She felt so in tune to Matt now. The way she sensed him had always been strong, but nothing like this. She always knew when he was in the room, no matter how crowded it was. Put them on separate ends of a packed concert arena and she would find him, easy. But now that feeling had intensified, like she breathed for both of them. Put him on the same continent and she would sniff him out. And it scared the hell out of her.

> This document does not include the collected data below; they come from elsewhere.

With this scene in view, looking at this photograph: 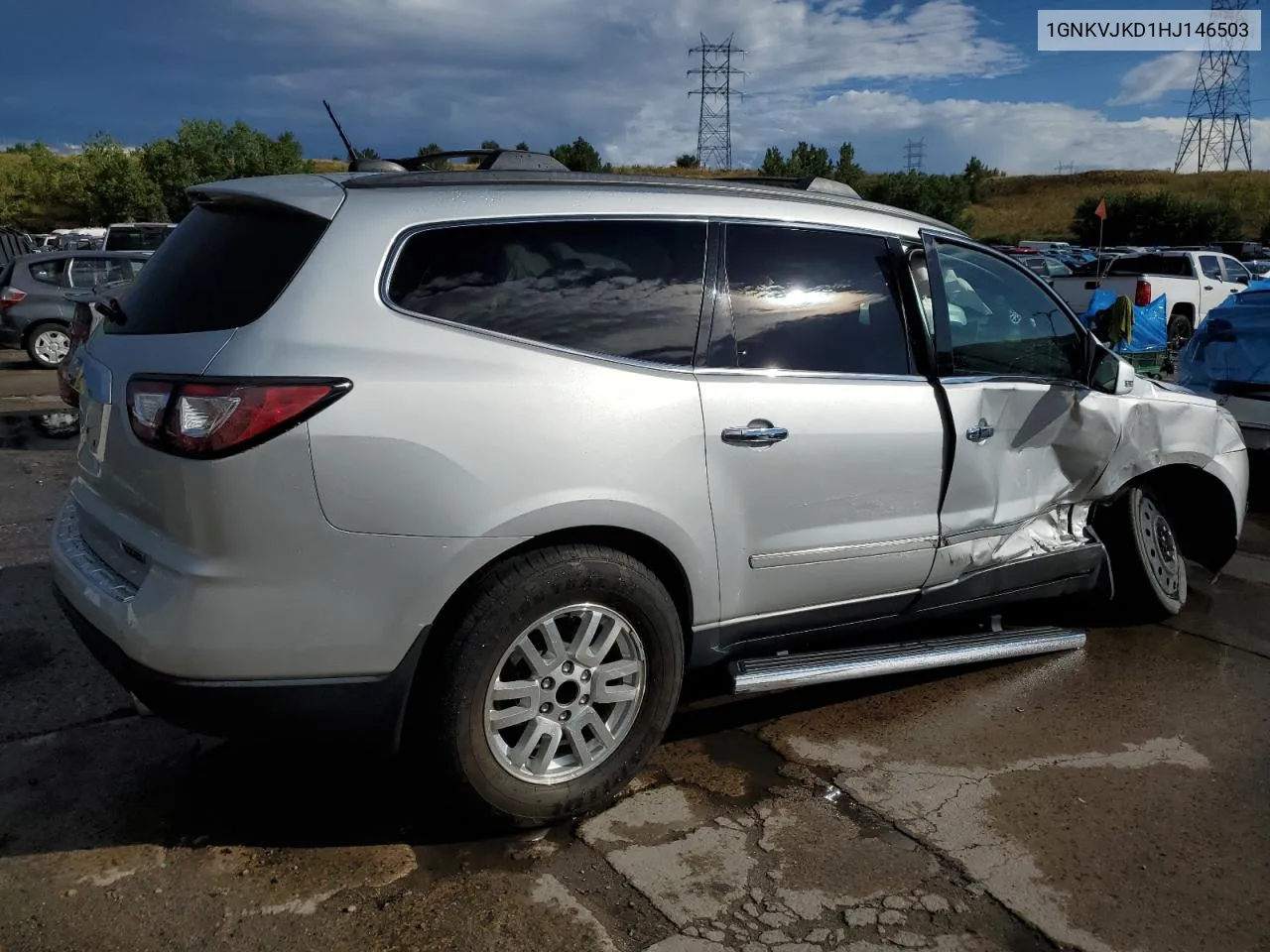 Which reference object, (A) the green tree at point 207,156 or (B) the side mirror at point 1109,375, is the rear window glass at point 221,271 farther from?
(A) the green tree at point 207,156

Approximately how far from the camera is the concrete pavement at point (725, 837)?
272cm

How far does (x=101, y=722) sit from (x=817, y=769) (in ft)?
8.42

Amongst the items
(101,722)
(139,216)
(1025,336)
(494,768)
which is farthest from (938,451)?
(139,216)

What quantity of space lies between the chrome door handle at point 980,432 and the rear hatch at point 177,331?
7.77 feet

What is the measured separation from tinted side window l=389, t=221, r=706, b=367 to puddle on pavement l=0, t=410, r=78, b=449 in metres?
6.96

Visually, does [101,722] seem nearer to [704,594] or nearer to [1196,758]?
[704,594]

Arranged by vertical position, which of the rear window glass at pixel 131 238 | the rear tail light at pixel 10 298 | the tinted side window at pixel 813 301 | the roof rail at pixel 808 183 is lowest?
the tinted side window at pixel 813 301

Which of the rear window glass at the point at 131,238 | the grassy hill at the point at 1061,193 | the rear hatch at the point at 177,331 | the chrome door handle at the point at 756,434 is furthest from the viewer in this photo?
the grassy hill at the point at 1061,193

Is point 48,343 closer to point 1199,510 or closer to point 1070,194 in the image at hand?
point 1199,510

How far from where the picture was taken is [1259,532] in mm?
6848

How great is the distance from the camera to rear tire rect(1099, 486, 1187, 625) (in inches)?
189

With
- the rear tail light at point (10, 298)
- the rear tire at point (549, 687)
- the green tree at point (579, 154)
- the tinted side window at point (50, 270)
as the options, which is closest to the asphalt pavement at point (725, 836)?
the rear tire at point (549, 687)

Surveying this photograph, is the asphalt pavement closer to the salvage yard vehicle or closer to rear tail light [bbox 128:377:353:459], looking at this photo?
the salvage yard vehicle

Stan gave up on making Dr. Louboutin see the light. He volunteered to help douse the lab in gasoline even though he could barely walk. Stormy urged him to wait in the van, but he ignored her. She didn’t feel like arguing and it would be faster to just let him help and get this over with.
Stan stumbled and damn near fell on his face. Stormy made him sit down and dress his wound before he passed out. She picked up his gas can and went to work. The gas wafted through her nose as she spread it along the tabletops and over the computers. Dr. Louboutin coughed spurts of blood. He called out to her. She ignored him.
“Listen to me,” he said. “You need to know what I know.”
“In case you haven’t noticed, I’m not real thrilled with you as a person,” she said.
“Let a dying man talk.”
Stormy kept pouring.
“I’m not the bad guy. Matt was.”
“Yeah, you had nothing to do with this.”
“I was forced into this.”
“Not the way I remember it.”
“You want to know what really happened or not?”
She kept pouring. Standing still. Right in front of him. “Go ahead. Talk your head off. But be quick about it. We’re leaving.”
The stream of gas threatened to seep into his pant leg before she stopped and took a step back. Josh grabbed the can from her and anointed the other side of the lab.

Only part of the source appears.